To check for network buffer errors on that NIC run this command:
netstat -ni | grep interface_name (look for RX-DRP)
What kind of NIC hardware do you have on that interface?
ethtool -i interface_name to check what driver is used. If the driver is bge or tg3 then it's Broadcom which is not recommended for production traffic. If the driver is E1000, e100e,igb,ixgbe or w83627 then it's Intel which is recommended and can provide doubling of performance without additional tuning.
Increasing ring buffer size is a common recommendation but not desirable. The best way is to allocate more core processing resources.
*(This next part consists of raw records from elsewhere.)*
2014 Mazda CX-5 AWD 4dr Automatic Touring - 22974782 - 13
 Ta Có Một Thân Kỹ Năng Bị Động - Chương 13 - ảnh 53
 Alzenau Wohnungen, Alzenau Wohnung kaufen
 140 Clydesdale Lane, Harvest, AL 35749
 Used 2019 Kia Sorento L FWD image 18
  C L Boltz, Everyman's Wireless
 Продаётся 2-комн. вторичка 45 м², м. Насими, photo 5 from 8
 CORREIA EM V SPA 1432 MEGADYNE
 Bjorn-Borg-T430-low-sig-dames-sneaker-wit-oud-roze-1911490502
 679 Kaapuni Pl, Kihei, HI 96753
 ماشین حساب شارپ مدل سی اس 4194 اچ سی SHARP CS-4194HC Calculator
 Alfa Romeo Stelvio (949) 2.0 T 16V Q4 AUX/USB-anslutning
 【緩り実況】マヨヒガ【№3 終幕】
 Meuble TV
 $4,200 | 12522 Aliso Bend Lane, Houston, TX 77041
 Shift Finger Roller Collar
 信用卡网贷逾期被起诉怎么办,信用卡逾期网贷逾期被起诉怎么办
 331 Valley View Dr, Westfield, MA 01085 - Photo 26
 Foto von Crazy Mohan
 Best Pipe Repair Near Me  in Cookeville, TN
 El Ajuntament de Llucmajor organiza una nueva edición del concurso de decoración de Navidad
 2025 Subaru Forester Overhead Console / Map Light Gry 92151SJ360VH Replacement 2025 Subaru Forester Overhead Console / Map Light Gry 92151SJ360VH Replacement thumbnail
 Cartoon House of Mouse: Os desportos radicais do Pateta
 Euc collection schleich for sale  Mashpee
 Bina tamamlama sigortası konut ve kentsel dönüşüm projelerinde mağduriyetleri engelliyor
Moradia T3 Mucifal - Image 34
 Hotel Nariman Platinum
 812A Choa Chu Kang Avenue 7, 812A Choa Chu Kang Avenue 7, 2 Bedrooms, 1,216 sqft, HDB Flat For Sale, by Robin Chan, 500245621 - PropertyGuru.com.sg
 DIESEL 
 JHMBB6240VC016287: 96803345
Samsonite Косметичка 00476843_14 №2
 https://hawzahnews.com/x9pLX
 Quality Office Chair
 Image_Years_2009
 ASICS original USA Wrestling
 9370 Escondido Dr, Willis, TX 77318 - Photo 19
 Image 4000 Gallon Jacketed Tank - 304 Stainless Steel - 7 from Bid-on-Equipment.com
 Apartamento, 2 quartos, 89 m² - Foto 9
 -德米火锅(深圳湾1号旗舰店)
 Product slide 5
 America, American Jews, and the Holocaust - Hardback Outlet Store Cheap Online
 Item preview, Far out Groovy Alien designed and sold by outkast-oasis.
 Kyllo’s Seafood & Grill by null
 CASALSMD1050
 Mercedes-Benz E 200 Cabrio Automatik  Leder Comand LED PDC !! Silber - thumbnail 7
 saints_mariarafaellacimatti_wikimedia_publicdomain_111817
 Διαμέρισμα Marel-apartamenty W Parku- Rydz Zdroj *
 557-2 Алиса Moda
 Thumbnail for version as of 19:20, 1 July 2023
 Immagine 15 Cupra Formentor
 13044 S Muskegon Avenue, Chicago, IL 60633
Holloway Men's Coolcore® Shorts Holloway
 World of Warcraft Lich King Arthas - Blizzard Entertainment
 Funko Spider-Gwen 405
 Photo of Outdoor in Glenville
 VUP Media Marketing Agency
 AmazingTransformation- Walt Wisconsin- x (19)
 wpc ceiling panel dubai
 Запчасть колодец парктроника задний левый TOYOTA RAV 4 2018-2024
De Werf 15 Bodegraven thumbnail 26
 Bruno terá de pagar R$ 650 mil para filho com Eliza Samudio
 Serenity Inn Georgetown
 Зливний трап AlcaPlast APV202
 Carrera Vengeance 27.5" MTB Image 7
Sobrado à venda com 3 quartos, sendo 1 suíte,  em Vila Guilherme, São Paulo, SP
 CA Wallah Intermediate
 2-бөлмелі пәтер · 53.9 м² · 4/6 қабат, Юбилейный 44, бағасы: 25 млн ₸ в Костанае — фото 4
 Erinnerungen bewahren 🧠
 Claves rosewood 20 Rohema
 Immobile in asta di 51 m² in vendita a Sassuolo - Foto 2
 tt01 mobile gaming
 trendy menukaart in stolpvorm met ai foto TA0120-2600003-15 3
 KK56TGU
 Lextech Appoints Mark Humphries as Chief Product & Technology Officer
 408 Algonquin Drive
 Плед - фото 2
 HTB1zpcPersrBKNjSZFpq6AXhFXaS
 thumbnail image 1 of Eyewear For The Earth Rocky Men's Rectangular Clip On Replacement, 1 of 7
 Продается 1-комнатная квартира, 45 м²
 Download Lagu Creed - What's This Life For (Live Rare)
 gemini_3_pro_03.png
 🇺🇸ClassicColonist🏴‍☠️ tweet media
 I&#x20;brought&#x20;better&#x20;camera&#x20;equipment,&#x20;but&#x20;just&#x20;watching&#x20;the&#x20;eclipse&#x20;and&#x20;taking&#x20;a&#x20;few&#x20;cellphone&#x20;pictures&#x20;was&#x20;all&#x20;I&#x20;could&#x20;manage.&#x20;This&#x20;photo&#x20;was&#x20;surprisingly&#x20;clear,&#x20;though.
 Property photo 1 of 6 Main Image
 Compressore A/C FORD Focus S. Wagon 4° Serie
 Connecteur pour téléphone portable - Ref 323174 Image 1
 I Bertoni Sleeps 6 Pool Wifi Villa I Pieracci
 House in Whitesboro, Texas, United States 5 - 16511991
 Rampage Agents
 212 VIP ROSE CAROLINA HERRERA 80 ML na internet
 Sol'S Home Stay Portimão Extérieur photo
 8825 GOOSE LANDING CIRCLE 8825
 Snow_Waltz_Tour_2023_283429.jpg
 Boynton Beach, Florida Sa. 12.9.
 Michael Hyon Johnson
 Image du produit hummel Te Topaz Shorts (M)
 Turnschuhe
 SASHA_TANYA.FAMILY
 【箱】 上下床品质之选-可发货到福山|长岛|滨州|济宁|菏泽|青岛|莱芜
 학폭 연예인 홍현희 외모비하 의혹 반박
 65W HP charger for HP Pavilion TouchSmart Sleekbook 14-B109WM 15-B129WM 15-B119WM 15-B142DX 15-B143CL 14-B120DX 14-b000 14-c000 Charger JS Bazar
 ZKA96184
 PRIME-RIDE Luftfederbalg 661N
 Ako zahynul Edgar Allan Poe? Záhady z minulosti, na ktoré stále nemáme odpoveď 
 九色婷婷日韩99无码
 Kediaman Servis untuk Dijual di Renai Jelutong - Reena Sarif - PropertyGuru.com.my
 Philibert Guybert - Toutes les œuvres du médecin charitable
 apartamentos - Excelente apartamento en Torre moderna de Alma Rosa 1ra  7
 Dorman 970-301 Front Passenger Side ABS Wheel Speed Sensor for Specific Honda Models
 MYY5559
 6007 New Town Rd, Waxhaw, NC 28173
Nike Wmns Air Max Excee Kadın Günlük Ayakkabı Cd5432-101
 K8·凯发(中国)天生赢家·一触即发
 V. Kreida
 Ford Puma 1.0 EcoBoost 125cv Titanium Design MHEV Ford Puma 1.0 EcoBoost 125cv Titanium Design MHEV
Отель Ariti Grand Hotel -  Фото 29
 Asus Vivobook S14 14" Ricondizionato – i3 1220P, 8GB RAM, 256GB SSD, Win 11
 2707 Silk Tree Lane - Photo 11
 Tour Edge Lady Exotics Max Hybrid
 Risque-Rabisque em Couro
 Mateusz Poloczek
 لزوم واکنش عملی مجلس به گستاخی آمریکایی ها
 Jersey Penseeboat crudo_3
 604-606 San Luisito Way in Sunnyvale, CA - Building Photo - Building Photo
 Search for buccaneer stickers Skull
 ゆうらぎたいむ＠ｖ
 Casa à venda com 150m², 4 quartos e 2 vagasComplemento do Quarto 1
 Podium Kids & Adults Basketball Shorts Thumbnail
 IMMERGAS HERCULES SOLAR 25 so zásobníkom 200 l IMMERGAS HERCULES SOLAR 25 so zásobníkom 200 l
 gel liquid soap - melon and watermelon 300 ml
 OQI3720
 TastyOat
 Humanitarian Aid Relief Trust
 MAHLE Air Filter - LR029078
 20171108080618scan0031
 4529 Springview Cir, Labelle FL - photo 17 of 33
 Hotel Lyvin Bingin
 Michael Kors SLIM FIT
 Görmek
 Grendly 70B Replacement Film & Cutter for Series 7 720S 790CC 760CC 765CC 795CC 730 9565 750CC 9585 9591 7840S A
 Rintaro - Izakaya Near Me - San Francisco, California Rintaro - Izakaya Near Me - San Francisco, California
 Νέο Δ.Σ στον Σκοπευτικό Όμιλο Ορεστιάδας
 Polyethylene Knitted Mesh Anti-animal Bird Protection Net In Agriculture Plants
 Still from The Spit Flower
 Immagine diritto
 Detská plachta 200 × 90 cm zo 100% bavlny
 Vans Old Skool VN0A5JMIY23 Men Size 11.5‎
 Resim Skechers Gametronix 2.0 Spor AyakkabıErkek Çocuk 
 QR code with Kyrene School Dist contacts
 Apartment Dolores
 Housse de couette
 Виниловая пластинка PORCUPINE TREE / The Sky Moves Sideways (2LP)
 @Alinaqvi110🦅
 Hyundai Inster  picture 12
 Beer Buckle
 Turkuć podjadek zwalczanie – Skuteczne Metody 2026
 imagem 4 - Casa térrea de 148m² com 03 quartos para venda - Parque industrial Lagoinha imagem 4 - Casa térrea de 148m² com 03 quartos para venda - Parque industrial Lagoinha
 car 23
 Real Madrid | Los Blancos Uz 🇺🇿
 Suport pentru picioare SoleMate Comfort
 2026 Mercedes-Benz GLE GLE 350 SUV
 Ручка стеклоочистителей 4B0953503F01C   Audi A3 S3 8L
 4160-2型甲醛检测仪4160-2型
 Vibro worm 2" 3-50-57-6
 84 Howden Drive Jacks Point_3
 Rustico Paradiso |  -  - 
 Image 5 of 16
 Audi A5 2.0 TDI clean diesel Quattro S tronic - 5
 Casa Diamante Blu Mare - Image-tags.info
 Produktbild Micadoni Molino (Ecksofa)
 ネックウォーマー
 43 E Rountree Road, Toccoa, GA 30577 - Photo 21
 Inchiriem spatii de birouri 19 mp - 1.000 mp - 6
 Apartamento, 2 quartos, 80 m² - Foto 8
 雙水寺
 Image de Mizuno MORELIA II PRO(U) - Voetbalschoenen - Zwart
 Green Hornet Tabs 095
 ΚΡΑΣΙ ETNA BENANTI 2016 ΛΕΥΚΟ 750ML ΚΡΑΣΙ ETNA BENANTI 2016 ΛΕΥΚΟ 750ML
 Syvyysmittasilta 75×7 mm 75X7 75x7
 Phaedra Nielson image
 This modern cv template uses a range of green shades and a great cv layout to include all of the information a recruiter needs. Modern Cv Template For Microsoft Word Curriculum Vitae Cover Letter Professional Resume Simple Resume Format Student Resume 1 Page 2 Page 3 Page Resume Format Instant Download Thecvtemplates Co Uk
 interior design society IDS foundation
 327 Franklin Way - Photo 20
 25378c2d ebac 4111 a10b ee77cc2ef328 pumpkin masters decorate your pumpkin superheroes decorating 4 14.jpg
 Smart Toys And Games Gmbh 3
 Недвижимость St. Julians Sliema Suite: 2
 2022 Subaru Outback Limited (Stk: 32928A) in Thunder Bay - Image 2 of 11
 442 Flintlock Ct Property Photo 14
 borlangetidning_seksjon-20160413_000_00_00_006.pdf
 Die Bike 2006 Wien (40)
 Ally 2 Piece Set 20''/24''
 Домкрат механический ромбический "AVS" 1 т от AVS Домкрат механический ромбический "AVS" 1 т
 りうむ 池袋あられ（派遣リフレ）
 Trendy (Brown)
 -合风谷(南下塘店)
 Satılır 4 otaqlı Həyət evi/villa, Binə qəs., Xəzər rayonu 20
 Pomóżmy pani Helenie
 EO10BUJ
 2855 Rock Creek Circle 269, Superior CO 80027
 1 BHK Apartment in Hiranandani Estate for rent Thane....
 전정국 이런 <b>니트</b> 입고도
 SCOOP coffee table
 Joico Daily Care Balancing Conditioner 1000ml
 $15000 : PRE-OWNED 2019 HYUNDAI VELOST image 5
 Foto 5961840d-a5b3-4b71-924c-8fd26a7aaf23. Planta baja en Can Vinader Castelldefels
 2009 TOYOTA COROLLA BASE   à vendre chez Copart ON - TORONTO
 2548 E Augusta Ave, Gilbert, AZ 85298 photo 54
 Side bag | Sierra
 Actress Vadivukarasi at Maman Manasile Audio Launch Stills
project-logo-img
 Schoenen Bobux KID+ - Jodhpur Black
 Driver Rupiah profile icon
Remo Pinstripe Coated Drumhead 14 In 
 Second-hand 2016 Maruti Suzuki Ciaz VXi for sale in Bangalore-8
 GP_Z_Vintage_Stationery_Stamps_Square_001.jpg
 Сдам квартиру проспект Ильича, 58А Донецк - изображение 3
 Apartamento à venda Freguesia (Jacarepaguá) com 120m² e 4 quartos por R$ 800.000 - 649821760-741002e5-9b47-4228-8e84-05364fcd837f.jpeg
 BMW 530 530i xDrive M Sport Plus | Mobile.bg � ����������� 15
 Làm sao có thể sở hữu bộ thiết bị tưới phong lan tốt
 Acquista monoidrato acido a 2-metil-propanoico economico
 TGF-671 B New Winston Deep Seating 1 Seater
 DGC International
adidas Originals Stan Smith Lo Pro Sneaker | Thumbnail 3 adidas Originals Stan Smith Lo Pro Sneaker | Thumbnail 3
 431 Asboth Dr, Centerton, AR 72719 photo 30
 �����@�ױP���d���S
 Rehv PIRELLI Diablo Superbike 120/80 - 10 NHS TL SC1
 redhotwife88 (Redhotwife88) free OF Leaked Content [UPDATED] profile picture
4096 is the maximum ring buffer size on most NICs. 256/512 is default. What did you increase to? Why not set to maximum? Because if the buffer size is larger it also means that it takes more processing to service that buffer. Coming back to the actual problem, not enough CPU resources to empty the RX ring buffer. But in some cases there is not sufficient processing resources available because of underpowered firewall and increasing ring buffer size is the solution.
Run also the command sar -u to take a look at your CPU utilization or if you have the monitoring blade present for graphical view.